A direct comparison of the assay platforms is probably premature at this point since CellCard is on the market while PharmaSeq is still in the early stages of development. A price comparison is also difficult, as Caliper has declined to comment on the cost of CellCard in the past, and Mandecki declined to provide details about possible pricing for PharmaSeq's technology.

While Mandecki declined to provide a specific timeline for the commercialization of any of the products, he said that the company has prototypes of its flow reader, has validated many types of assays, and is "very interested in finding paths to commercialization."

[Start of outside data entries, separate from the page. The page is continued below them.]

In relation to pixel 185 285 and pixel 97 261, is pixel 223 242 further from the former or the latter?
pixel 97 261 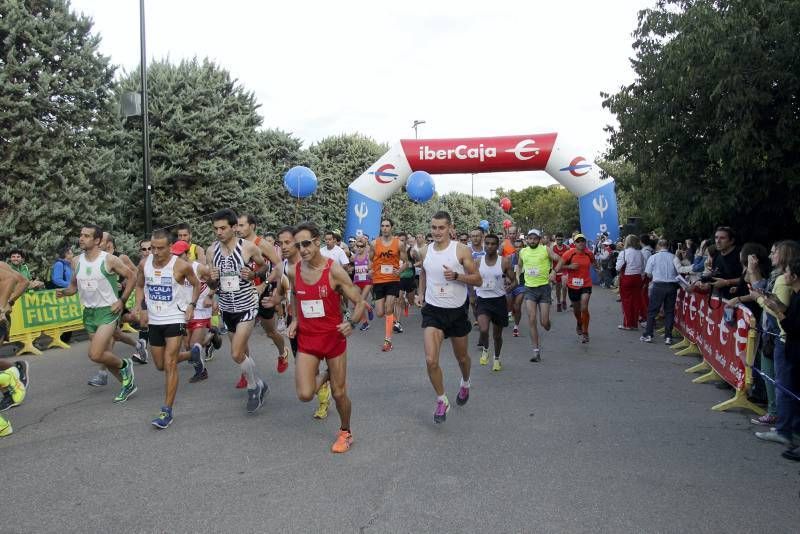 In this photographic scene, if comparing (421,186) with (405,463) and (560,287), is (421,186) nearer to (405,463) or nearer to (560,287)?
(560,287)

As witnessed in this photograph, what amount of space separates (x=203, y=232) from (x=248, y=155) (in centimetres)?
263

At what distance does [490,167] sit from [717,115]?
40.7 ft

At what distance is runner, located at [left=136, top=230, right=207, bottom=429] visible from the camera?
18.9 feet

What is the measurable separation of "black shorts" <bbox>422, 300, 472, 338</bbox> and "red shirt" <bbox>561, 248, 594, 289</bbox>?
460cm

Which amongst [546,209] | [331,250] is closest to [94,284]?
[331,250]

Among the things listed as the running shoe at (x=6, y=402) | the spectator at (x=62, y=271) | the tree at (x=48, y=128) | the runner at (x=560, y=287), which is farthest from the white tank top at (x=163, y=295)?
the runner at (x=560, y=287)

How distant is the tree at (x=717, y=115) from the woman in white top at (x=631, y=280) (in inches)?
29.7

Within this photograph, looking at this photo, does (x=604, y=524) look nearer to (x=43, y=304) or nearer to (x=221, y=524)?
(x=221, y=524)

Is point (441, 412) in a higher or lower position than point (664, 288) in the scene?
lower

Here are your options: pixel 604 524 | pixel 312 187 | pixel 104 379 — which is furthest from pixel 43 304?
pixel 604 524

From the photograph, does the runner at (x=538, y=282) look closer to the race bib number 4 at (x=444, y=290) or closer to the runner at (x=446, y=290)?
the runner at (x=446, y=290)

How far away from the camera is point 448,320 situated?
5.98 metres

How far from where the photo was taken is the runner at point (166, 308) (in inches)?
227

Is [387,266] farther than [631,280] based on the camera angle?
No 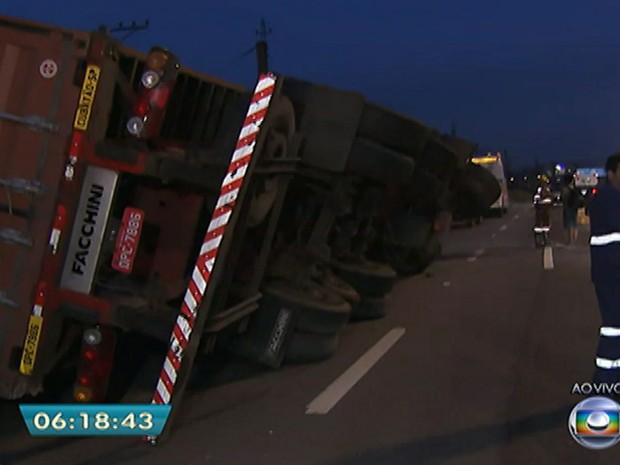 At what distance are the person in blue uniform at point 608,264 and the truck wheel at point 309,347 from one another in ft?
8.05

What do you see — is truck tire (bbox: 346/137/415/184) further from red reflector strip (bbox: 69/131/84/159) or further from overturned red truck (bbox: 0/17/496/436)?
red reflector strip (bbox: 69/131/84/159)

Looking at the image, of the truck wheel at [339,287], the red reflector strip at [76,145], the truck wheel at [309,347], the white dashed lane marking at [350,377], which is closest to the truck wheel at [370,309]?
the white dashed lane marking at [350,377]

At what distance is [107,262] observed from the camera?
6.43m

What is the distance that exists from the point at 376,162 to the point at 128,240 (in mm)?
2637

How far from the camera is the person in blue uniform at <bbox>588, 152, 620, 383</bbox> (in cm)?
625

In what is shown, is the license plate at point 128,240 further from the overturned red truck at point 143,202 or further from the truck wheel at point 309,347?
the truck wheel at point 309,347

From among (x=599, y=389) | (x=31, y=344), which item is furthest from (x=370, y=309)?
(x=31, y=344)

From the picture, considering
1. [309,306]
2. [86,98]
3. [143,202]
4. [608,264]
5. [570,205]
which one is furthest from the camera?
[570,205]

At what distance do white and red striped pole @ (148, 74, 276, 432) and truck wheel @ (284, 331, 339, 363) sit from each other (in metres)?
1.90

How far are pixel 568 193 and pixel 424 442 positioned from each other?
1774 centimetres

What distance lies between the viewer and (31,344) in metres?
5.97

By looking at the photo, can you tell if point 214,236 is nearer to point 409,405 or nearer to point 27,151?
point 27,151

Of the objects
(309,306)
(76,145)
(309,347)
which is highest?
(76,145) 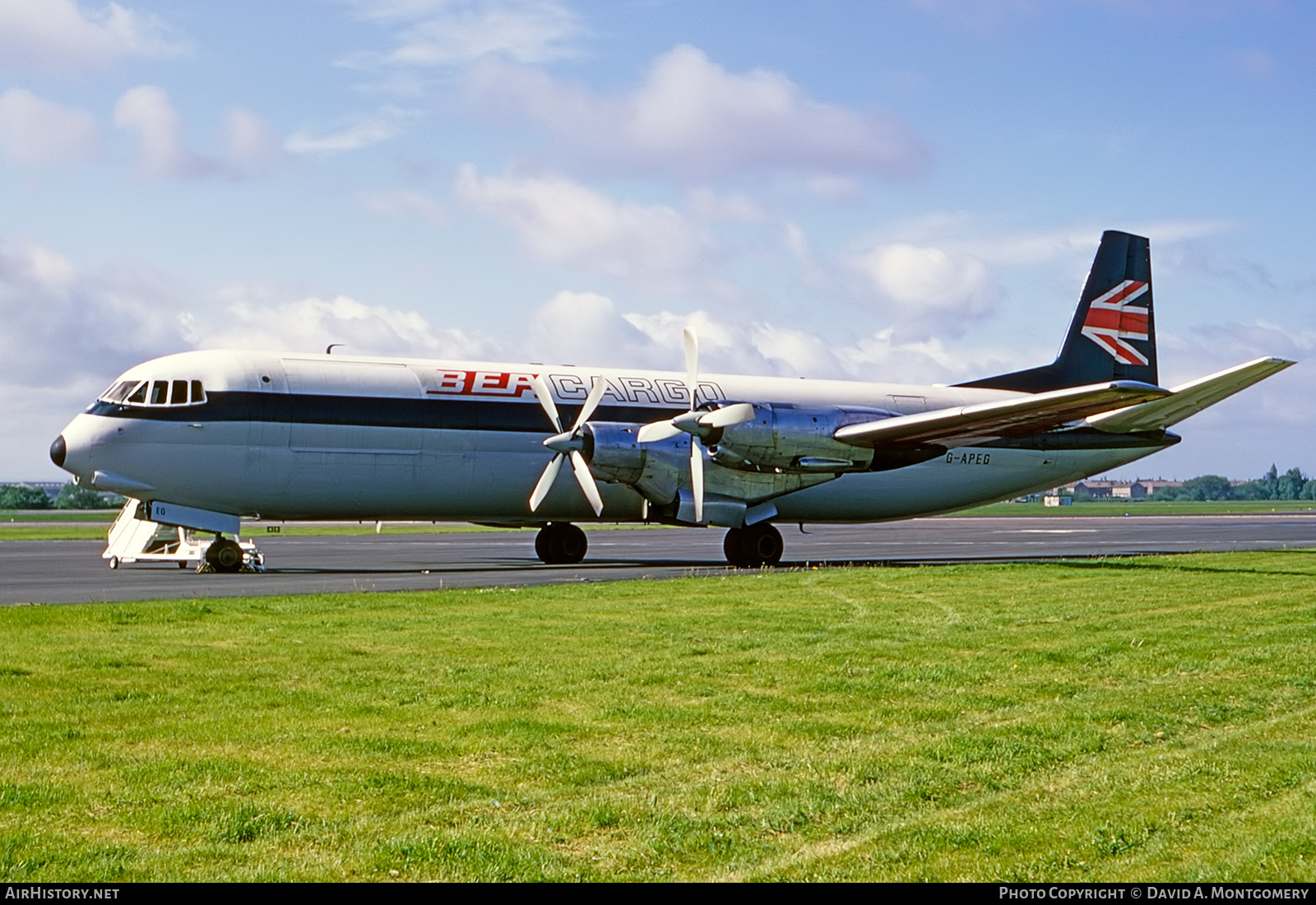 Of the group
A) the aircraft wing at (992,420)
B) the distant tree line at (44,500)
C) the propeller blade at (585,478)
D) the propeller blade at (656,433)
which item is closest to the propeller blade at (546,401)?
the propeller blade at (585,478)

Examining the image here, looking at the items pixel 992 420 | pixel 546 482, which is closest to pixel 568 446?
pixel 546 482

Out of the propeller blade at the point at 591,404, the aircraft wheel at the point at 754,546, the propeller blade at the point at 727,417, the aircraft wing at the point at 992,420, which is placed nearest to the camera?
the aircraft wing at the point at 992,420

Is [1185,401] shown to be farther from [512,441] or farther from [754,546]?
[512,441]

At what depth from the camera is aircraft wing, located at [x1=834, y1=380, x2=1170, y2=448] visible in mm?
27547

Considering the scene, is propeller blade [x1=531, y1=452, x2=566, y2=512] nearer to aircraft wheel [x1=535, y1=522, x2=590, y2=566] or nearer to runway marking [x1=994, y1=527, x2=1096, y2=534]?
aircraft wheel [x1=535, y1=522, x2=590, y2=566]

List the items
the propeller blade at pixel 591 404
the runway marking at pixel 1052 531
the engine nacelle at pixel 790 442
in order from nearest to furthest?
the engine nacelle at pixel 790 442
the propeller blade at pixel 591 404
the runway marking at pixel 1052 531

In terms of current funding, PharmaSeq also was awarded a $128,000 grant last year from the National Human Genome Research Institute to further develop the flow instrument into a version that can perform two-color assays on the microtransponders, according to the grant's abstract. Such an instrument would be able to simultaneously read fluorescence at 570 nm and 670 nm, the emission spectra for the popular Cy3 and Cy5 fluorescent dyes, respectively. Although this instrument would serve to optimize nucleic acid-based assay, similar capabilities would likely be desired for the cell-based system.

Of course, if PharmaSeq sees the cell-based assay project through to the NCI's satisfaction, additional funding in the form of a Phase II SBIR grant looms. The current Phase I grant expires on June 30.

In the meantime, Mandecki stressed that PharmaSeq will consider corporate partnerships to help bring the microtransponder technology to fruition.

As for the prospect of venture capital, Mandecki declined to comment how active PharmaSeq is in its pursuit of VC cash. The company does have investment support from two major corporate entities under its belt: In 2001, Japanese corporate giant Mitsui made a "multi-million dollar equity investment" in PharmaSeq, and, the following year, Sunnyvale, Calif.-based chromatography company Dionex invested $3 million in it.

It is unclear what specific interests either corporation has in the microtransponder technology. Calls to both companies were not returned in time for this publication.